MLB

トラウトがいるのに最下位に低迷…エンジェルスはなぜ弱いのか

久保田市郎(SLUGGER編集長)

2020.08.30

マッドン監督を招聘したにもかかわらず、地区最下位に低迷するエンジェルス。5年連続の負け越しが濃厚だ。(C)Getty Images

 大谷翔平が所属するエンジェルスが苦しんでいる。今季から名将ジョー・マッドンを招聘にしたにもかかわらず、8月30日時点で12勝22敗、勝率.353でア・リーグ西地区最下位に低迷。29日には内野手のトミー・ラステラをアスレティックスに放出し、5年連続の負け越しが濃厚となっている。

 シーズンMVPに3度も輝くマイク・トラウトという球界最大のスーパースターを擁し、豊富な資金力を誇るにもかかわらずなぜここまで低迷が続くのか。もちろん、大谷自身の不振も一つの要因ではあるが、それ以上に根深い問題が横たわっている。3つの観点から分析してみよう。

①投手陣の崩壊
 ここ数年来、エンジェルスは投手力不足に悩まされている。今季は新加入のディラン・バンディが意外な活躍を見せているが、にもかかわらず防御率5.41はリーグワースト3位。昨年は規定投球回をクリアした投手が皆無で、100イニングを超えたのも一人だけだった。
 
 にもかかわらず、ビリー・エプラーGMはオフのFA市場でゲリット・コール(現ヤンキース)、リュ・ヒョンジン(現ブルージェイズ)といった一線級の先発投手補強には動かず、三塁手のアンソニー・レンドーンを7年2億4500万ドル(約258億円)という超大型契約で獲得。当時から「補強が必要なのは先発投手だったのでは?」という声が出ていたが、結果的にその懸念が的中する形になった。

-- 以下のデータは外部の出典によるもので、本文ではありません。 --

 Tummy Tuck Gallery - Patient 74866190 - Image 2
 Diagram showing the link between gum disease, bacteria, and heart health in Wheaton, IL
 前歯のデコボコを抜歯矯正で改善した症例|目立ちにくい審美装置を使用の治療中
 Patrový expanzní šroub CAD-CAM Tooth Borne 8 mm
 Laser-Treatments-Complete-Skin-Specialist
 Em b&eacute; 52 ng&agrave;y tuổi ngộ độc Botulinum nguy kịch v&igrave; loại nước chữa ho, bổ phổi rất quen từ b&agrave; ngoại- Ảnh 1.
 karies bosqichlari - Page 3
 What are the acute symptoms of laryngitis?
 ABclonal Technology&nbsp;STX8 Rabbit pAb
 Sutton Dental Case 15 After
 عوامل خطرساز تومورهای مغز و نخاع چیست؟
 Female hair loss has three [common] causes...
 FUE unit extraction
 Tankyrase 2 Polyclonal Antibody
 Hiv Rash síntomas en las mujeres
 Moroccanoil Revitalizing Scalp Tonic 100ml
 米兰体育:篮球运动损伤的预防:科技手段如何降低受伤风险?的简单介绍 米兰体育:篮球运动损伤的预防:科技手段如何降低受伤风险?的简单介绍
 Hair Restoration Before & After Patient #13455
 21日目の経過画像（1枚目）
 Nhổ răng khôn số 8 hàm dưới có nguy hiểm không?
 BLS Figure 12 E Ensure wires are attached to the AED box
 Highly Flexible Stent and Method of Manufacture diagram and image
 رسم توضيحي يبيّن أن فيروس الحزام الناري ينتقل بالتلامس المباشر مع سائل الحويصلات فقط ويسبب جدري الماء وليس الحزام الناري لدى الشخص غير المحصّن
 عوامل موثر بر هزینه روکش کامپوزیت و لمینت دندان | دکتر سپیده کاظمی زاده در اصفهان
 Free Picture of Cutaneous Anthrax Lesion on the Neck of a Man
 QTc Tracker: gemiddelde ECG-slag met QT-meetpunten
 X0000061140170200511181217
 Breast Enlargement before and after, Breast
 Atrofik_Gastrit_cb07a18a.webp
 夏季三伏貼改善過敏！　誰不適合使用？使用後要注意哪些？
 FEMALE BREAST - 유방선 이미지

 若手投手が肩やヒジを痛めるケースが後を絶たないのも近年のエンジェルスの特徴だ。タイラー・スキャッグス(昨年7月にオピオイドの過剰摂取で死去)に始まり、ギャレット・リチャーズ(現パドレス)、アンドリュー・ヒーニー、そして大谷と期待の投手がトミー・ジョン手術を受けるケースが頻発。手術には至らなかったものの、今年は2年目のグリフィン・キャニングが右ヒジの違和感で一時離脱。投手に故障は付き物とはいえ、ここまで怪我が多いと球団のケアや管理体制に問題があると言わざるを得ない。